Depth 3: Found 379 sub-zones. Took 0.0004 seconds.
Depth 4: Found 2449 sub-zones. Took 0.0001 seconds.
Depth 5: Found 17053 sub-zones. Took 0.0124 seconds.
Depth 6: Found 117991 sub-zones. Took 0.0051 seconds.
Depth 7: Found 825259 sub-zones. Took 0.5976 seconds.
Depth 8: Found 5767201 sub-zones. Took 0.2349 seconds.
Depth 9: Found 40365613 sub-zones. Took 29.7921 seconds.

which is roughly 750 times faster than the Java + H3 version if we consider 5 ms vs. 634 ms at depth 6, with 1 vs 6 cores

This is the scanline iteration method in the 5x6 space.

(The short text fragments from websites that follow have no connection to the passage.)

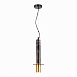Подвес ST-Luce Черный/Черный, Белый LED 1*12W 3000K SL1212.403.01 - фото
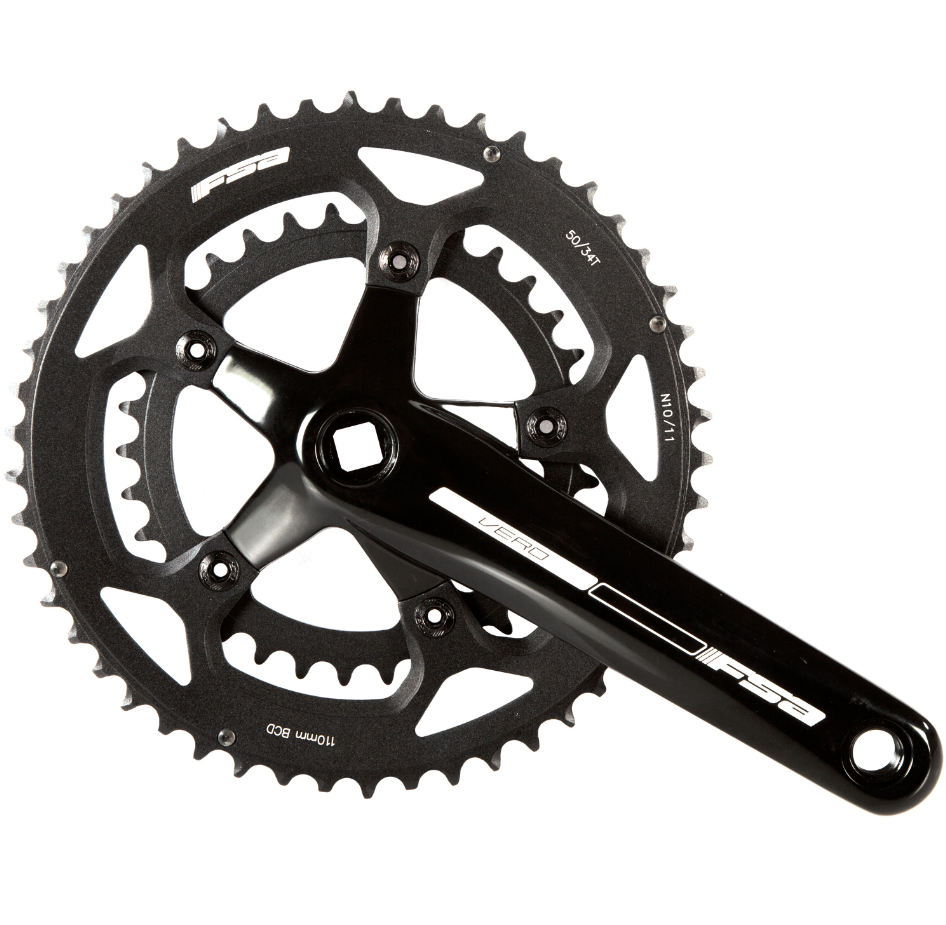 FSA Vero Compact Kurbelgarnitur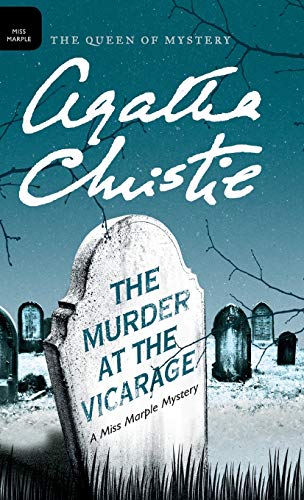 Book The Murder at the Vicarage free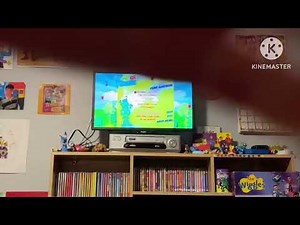 The Wiggles Show 2010 DVD Menu Walkthrough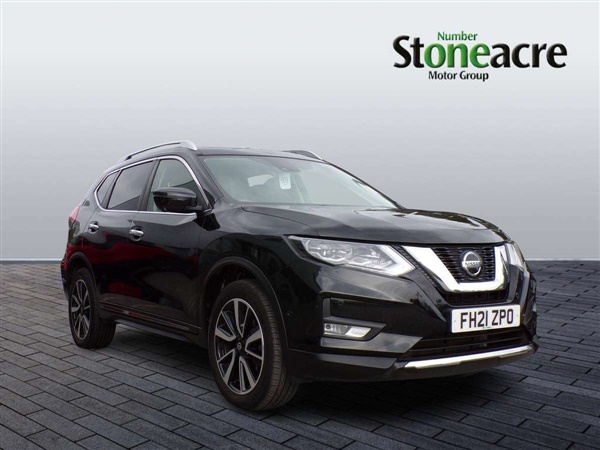 Large image for the Used Nissan X-Trail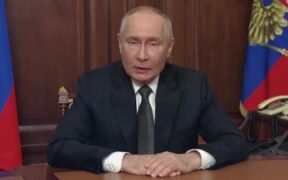Pesan Rudal Rusia kepada Barat: Mundurlah!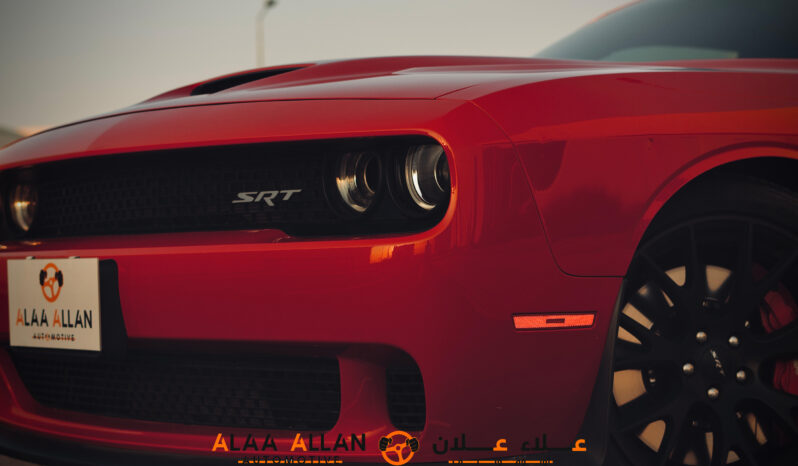 Dodge Challenger Hellcat 2016 Automatic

jerstlouis avatar Nov 13 '25 22:11 jerstlouis

I believe that @jsorel had initially made attempts using polygonToCellsExperimental() which did not return the correct results.

Could you expand on what the issue was? I would expect the overlapping containment mode may work as desired? Was the issue cartesian vs non-cartesian containment (if so, would #1052 address that)?

isaacbrodsky avatar Nov 14 '25 00:11 isaacbrodsky

@isaacbrodsky #1052 / geodesic polyfill is certainly a great improvement!

@jsorel could you please explain what the issue was with polygonToCellsExperimental(), and perhaps give it another try with a version including that PR?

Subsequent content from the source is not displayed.